Heat pumps save significant energy over their electric counterparts.
Heat pumps are first and foremost an energy efficiency opportunity. A household will save energy when it switches to a heat pump from traditional electric heating and cooling. For a typical Minnesota home, a heat pump will reduce electricity use by 55%, mostly in heating. Coupled with deep energy retrofits to the house shell (see the assumptions section below), electricity use drops by more than 75%.
Heat pumps will lower summer peak demand.
Electricity demand in Minnesota is the highest during summer heat waves, driven by cooling loads. More efficient heat pumps replacing central air conditioners will lower the energy demand per household by approximately 10%. Combining a heat pump with deep energy retrofits lowers peak demand by more than half.

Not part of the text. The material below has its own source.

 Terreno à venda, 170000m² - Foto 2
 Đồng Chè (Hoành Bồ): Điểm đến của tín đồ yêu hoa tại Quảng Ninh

In Minnesota, 70% of households have central air conditioning. Replacing those ACs with a heat pump in single-family households (to correspond with the energy use shown above) would lower the summer peak by 520 Megawatts (MW).
Heat pumps will increase energy demand in the winter — but they’re still a win for energy efficiency.
Unlike propane or natural gas, electricity cannot be stored inexpensively, which creates additional concern around demand occurring during a system peak. In Minnesota, 78% of homes are heated with natural gas, oil, or propane, so a transition to electricity as the primary heating fuel will inevitably increase winter electricity demand.
However, certain dynamics will moderate those winter peaks. On typical, moderate climate days, heat pumps will reduce peak demand from electric resistance heat by over 60%. Given the high load of electric resistance heat, this can save approximately 4 kilowatts (kW) per home. In other words, heat pumps reduce winter peaks of traditional electric technologies approximately 10 times more than they reduce summer peaks. It also means that for every electric resistance home converted to a heat pump, two fossil fuel homes (e.g. natural gas or propane) can convert to a heat pump with no net effect on peak demand.
In Minnesota, 8% of single-family households heat with electricity. Replacing all these homes’ electric systems with heat pumps would lower demand on moderate days by 570 MW.
It is important to plan for cold snaps — days with temperatures falling below -10°F, when some utilities experience peak demand on their system. However, most of today’s heat pumps require backup systems to operate on such cold days. If a home has electric resistance heat as a backup, the demand will be the same whether the home has a heat pump or not. However, nonelectric backup systems can moderate this effect and increase a household’s resilience in withstanding cold weather days.